Methodology of developing the CROP
In developing the CROP we consulted widely with organisations operating in Argyll and Bute. The consultation consisted of a survey that was undertaken between March and May 2012 and distributed to over 600 community groups. From the responses and subsequent interviews, six key elements were identified as the being the most challenging for groups developing or delivering a community renewable energy project.
- The development of the project as a whole e.g. getting it off the ground, pulling together the different elements.
- Access to funding, whether it is accessing information on finance or securing development or capital finance.
- Scoping your project. The primary reasons for the development of community renewable projects stem from wider aspirations for the benefit of their community; usually to play a role in mitigating climate change by reducing the community's carbon footprint or to stimulate economic development by securing income to deliver direct community benefits such as regeneration, provision of community grants, employment, etc. It is recognised that community renewable projects are not developed to meet a market demand but to satisfy other objectives.
- Ensuring that community groups had sufficient capacity within their organisations to develop renewable projects is another important issue although some community groups have easier access to skills, knowledge and possibly more people within their organisation than others.
- Developing partnerships with other organisations to help deliver projects was identified as being difficult suggesting that some assistance is required for community groups in developing partnerships.
- Access to information about the electricity grid was difficult to obtain.
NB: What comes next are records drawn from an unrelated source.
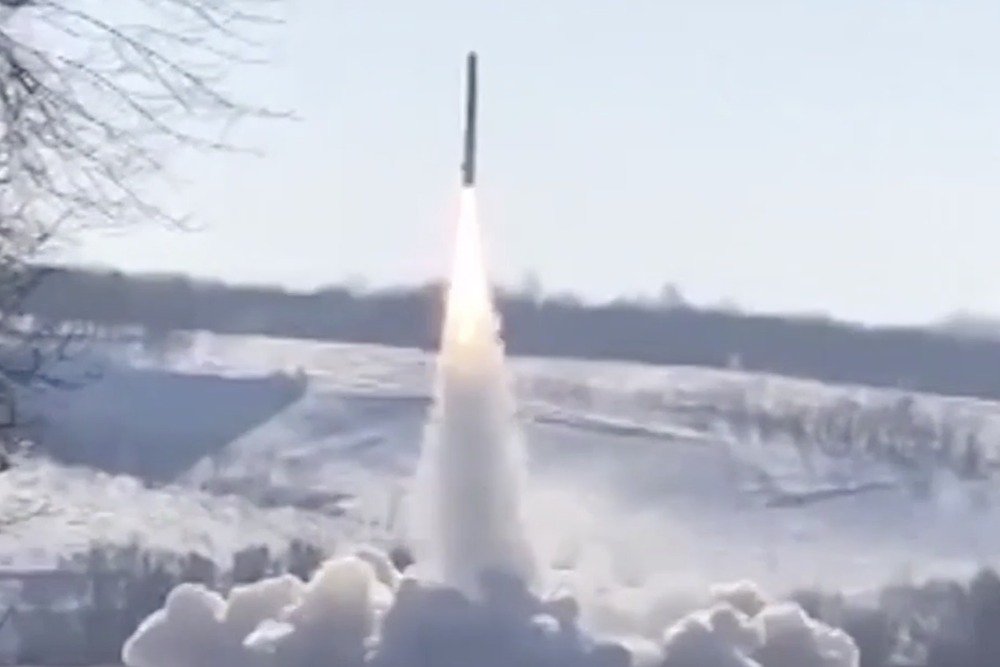 Крылатая ракета оперативно-тактического комплекса "Искандер" летит у цели на предельно малой высоте, огибая рельеф местности. Поэтому она практически неуязвима для ПВО противника. / Министерство обороны РФ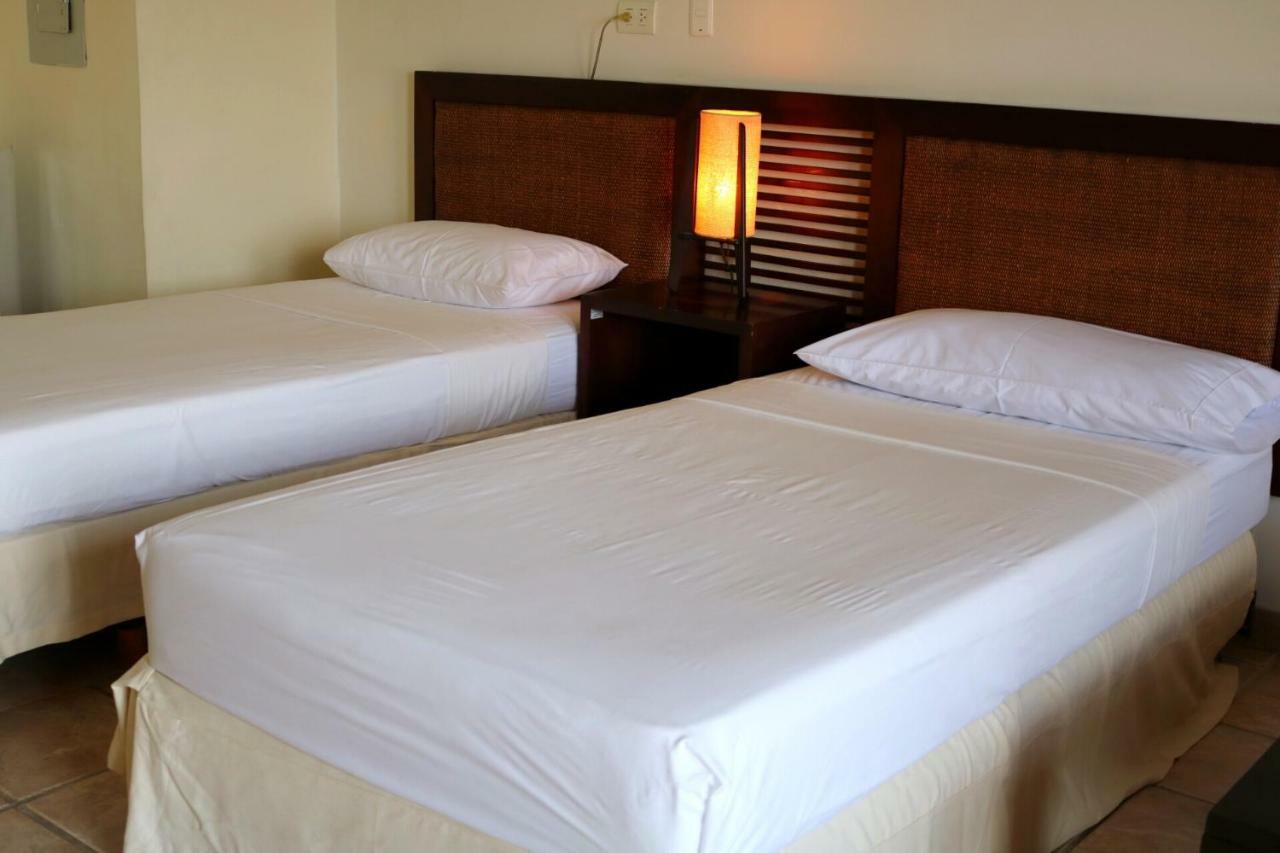 Hotel Penon Suites Girardot Bagian luar foto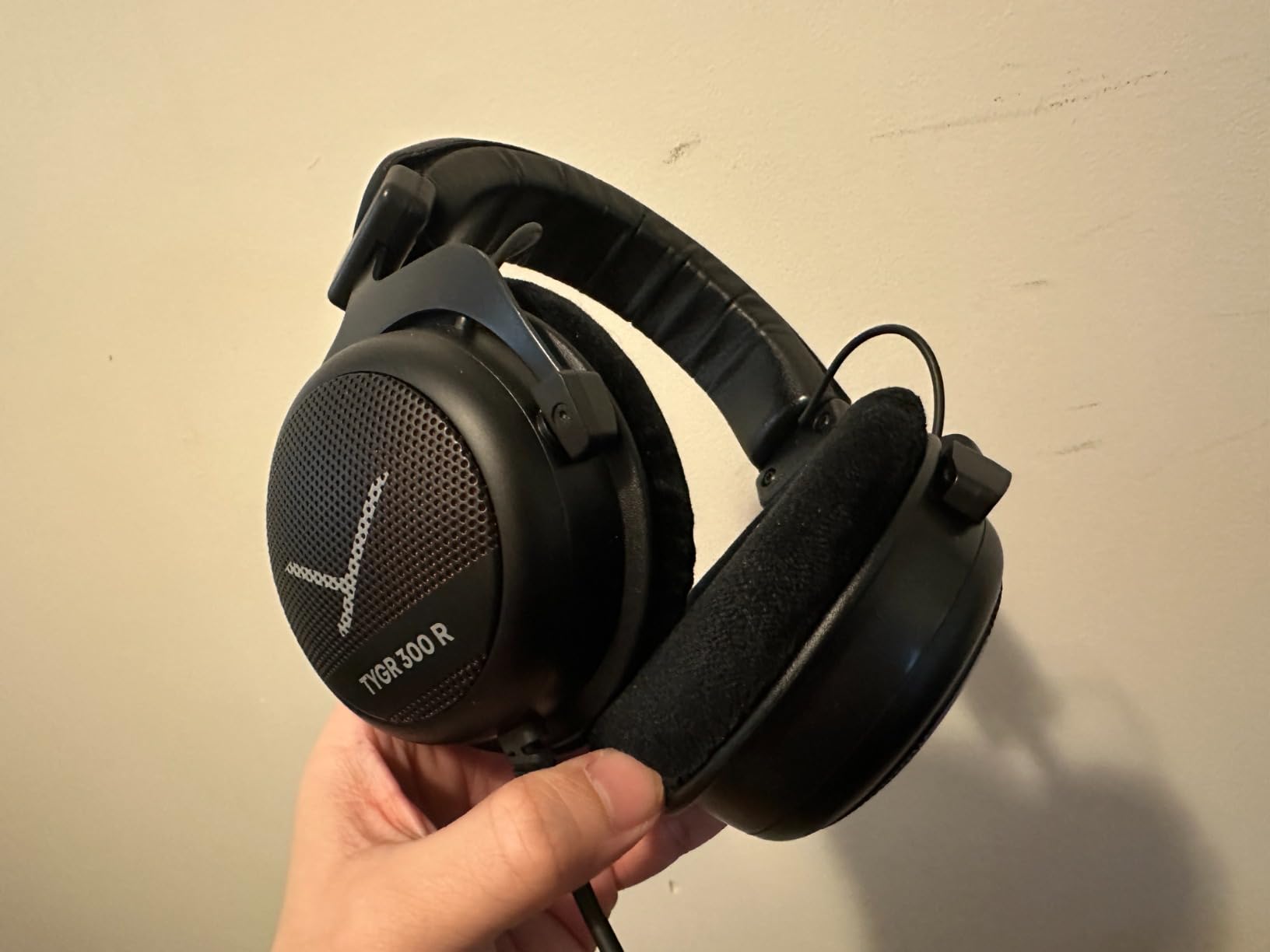 beyerdynamic TYGR 300 R Open-Back Wired Gaming Headphones, No Mic, Black customer photo 2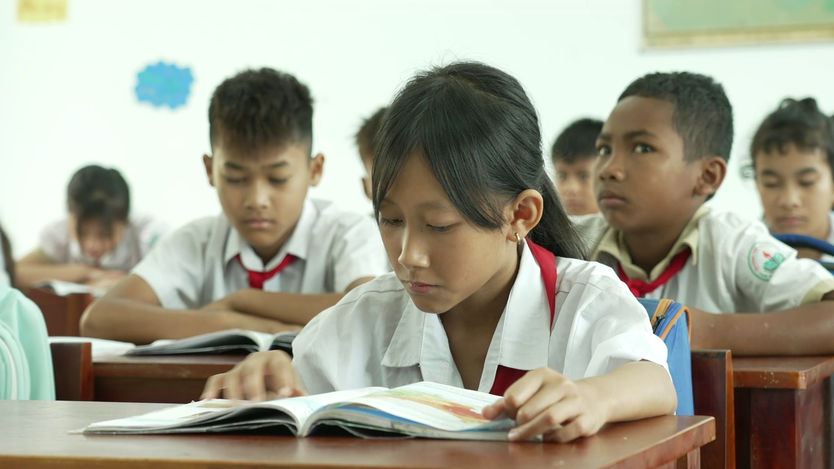 Mái ấm gia đình Việt: Ca sĩ Khải Đăng tặng giường cho ba chị em phải ngủ dưới nền đất - Ảnh 5.
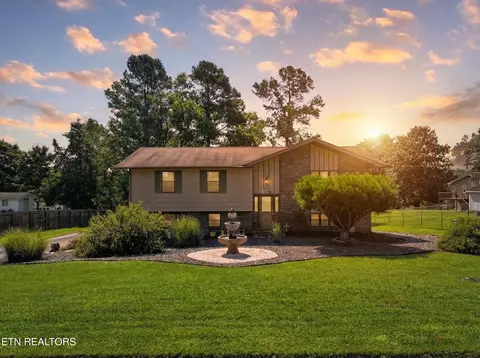 2903 Cedar Cir, Lenoir City, TN 37772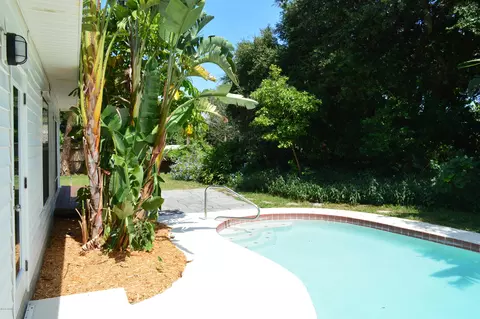 134 Ocean Ter, Ormond Beach, FL 32176 photo 12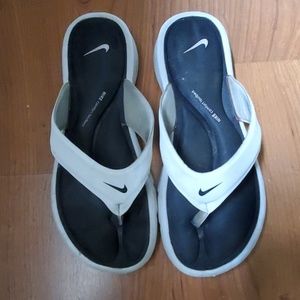 Nike flip flops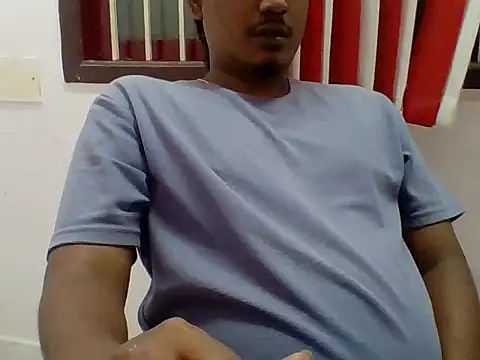 Snapshot of Lycan1993 chatting on 11.23.25 Lycan1993 online show from 11.23.25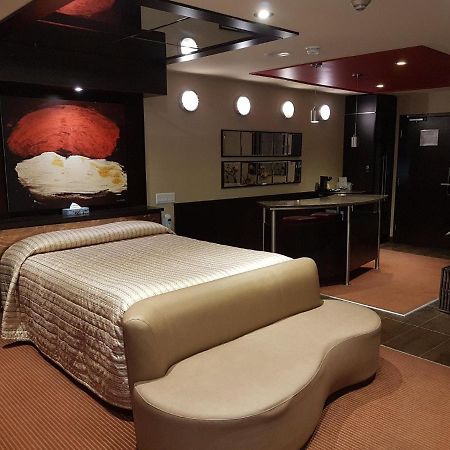 Le Chabrol Hotel & Suites Montreal Zewnętrze zdjęcie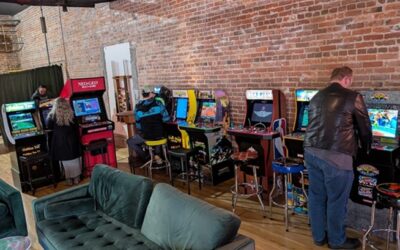 Side Quest, Everett business, arcade video games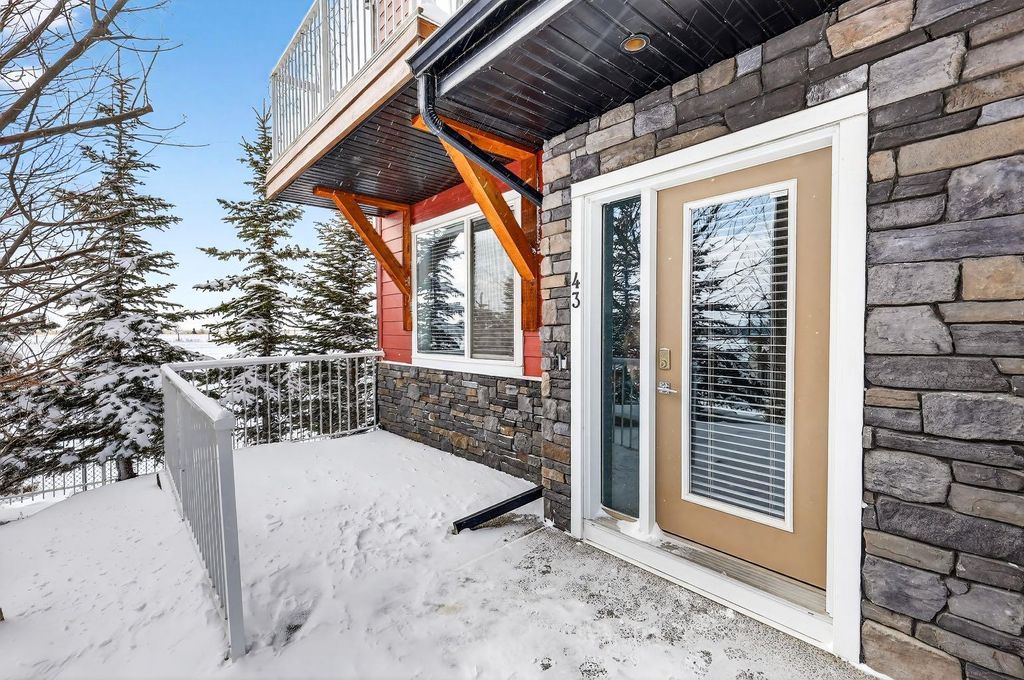 Photo of 111 Rainbow Falls Gate #43, Chestermere, AB T1X 0Z5 (MLS # A2297614)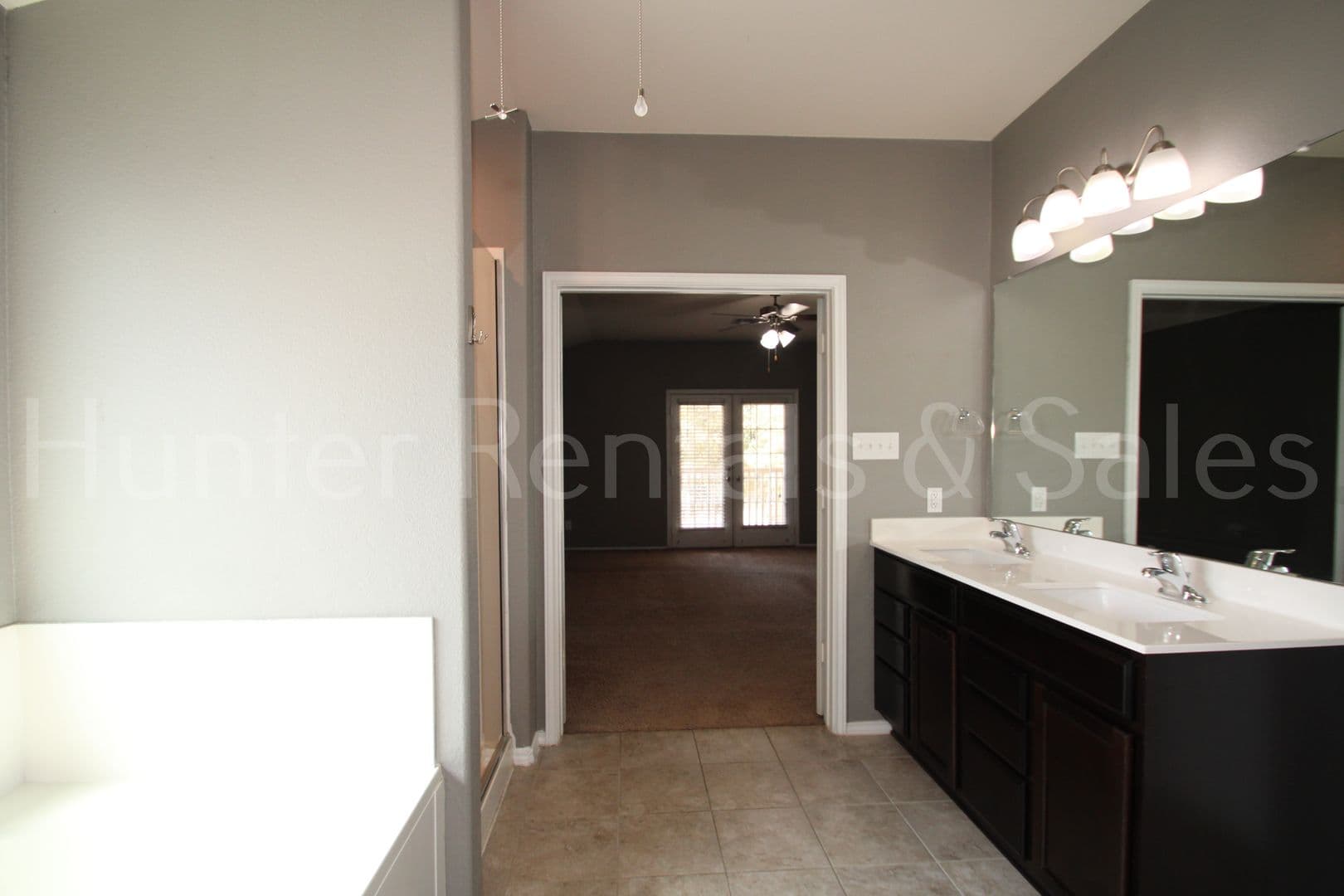 Belton House: 5561 Othello Dr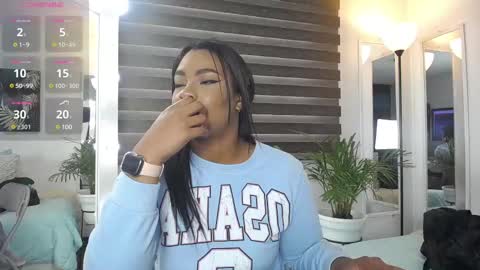 C A R O L I N E online show from February 25, 12:45 pm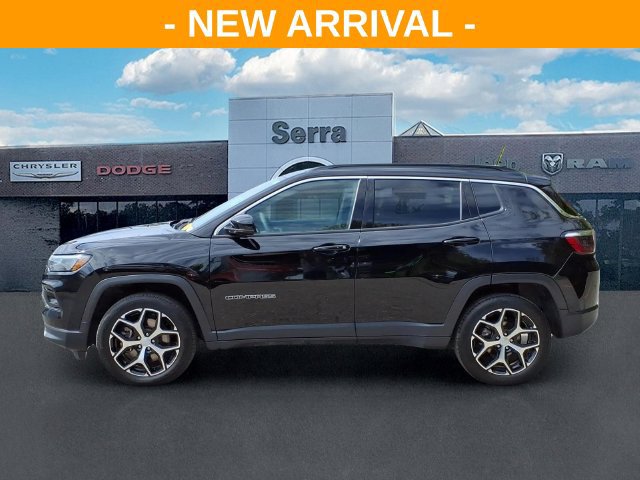 Used 2024 Jeep Compass Limited AWD/4WD image 4
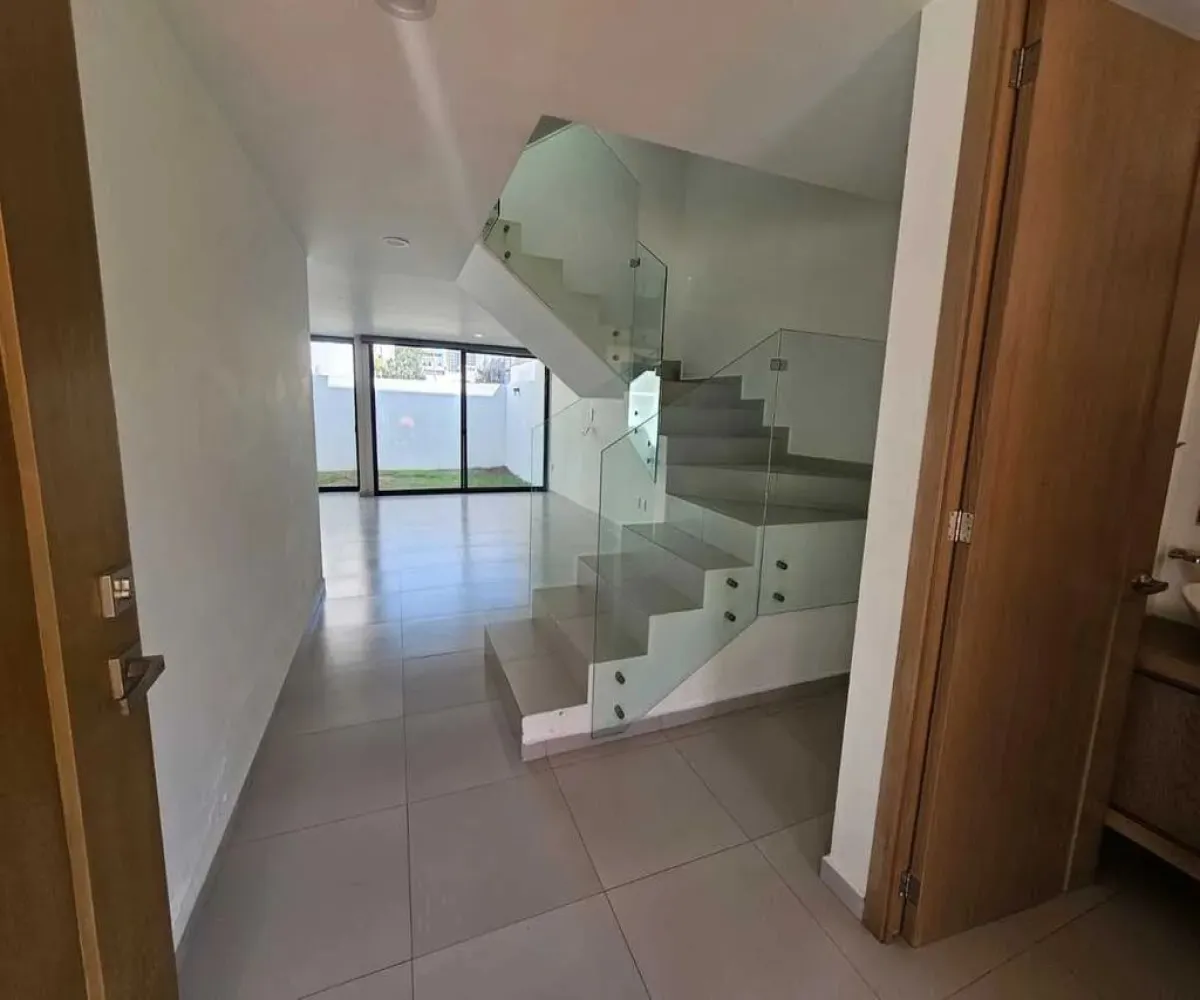 Casa En Venta,Los Gavilanes,Avenida Punto Sur S/N 96, Tlajomulco de Zúñiga, Jalisco 45645, 3 Habitaciones,3 Baños,Avenida Punto Sur,1,pVazevQ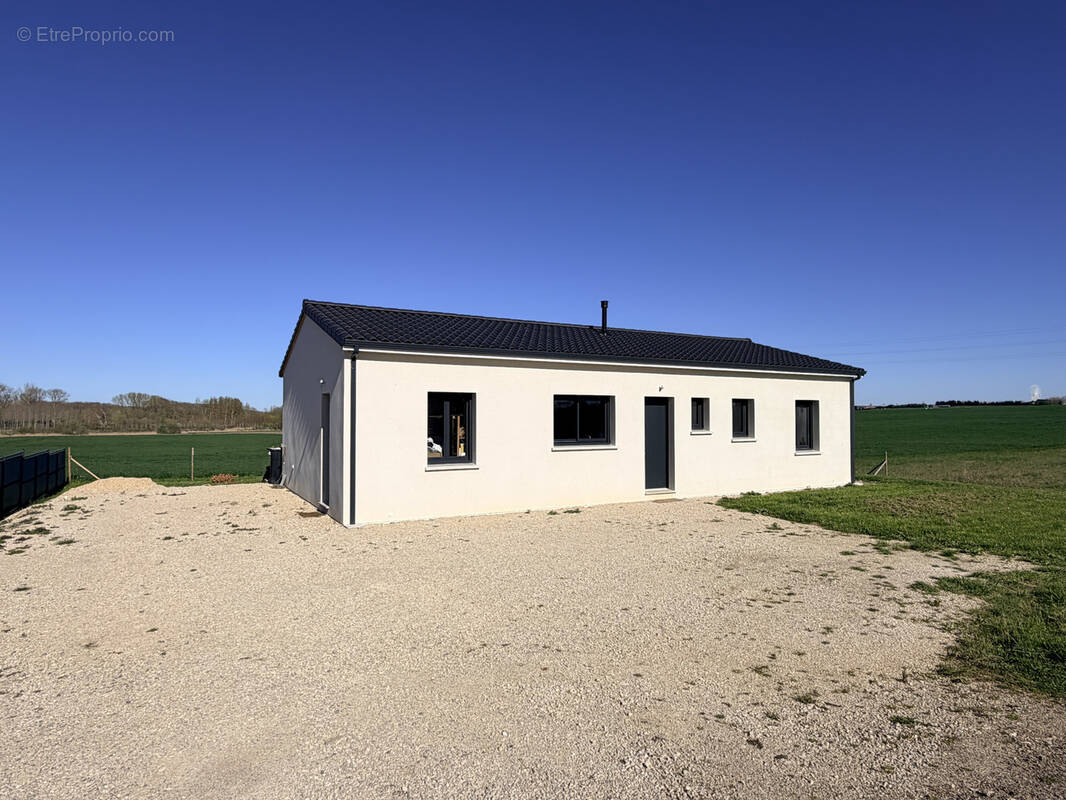 Maison à JAUNAY-CLAN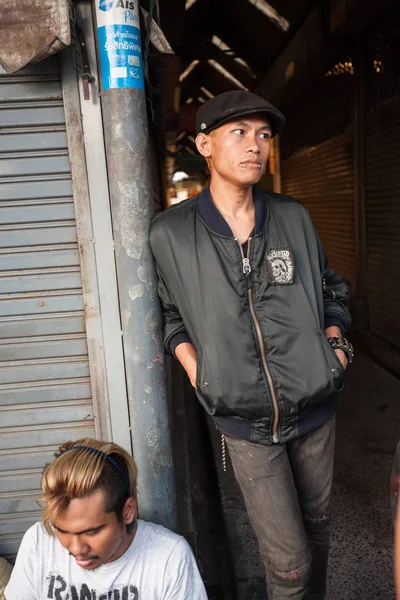 Punk e skinhead adolescentes no mercado de Chatuchak — Fotografia de Stock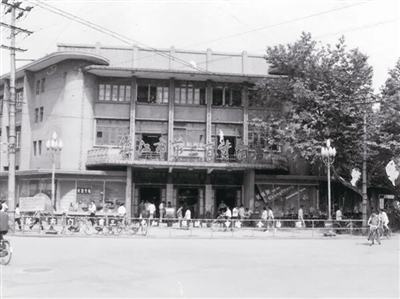 70年代末镇江中百二店
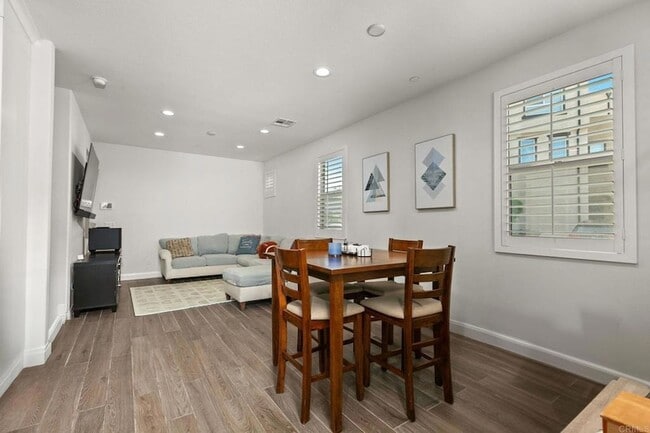 Building Photo - 2460 Solara Ln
This feedback was used to define the outcomes/purpose for the CROP:
- To make the development of a community owned renewable energy projects as simple as possible through the provision of a route map with clear impartial guidance.
- To provide an overview of the different renewable energy technologies.
- To highlight the free support and guidance available from Argyll and Bute Council and other agencies.
- To advise on funding opportunities for community renewable energy projects.
- To highlight the opportunities for building capacity within groups through training and knowledge transfer opportunities.
- To provide guidance on grid connection issues.
What the Council will do
To ensure that communities benefit from renewables Argyll and Bute Council will
- Maintain a Community Benefit Framework and encourage developers to provide a fund which can be made available to local communities and/or an Argyll and Bute wide body for the benefit of all of the community.
- Continue to offer the legal framework (The Argyll and Bute Wind Farm Trust) to enable communities to manage community benefit for their own purposes at no cost.
- Support communities to develop their own renewable energy projects through the provision of the CROP to guide them through the process.
- Host events, as appropriate, focusing on renewable energy subjects to inform local communities and to build their knowledge and capacity to maximise the benefits from renewables.
- Host meetings, as appropriate, of community groups developing renewable energy projects to enable them to meet with SSE and discuss issues surrounding connection to the grid.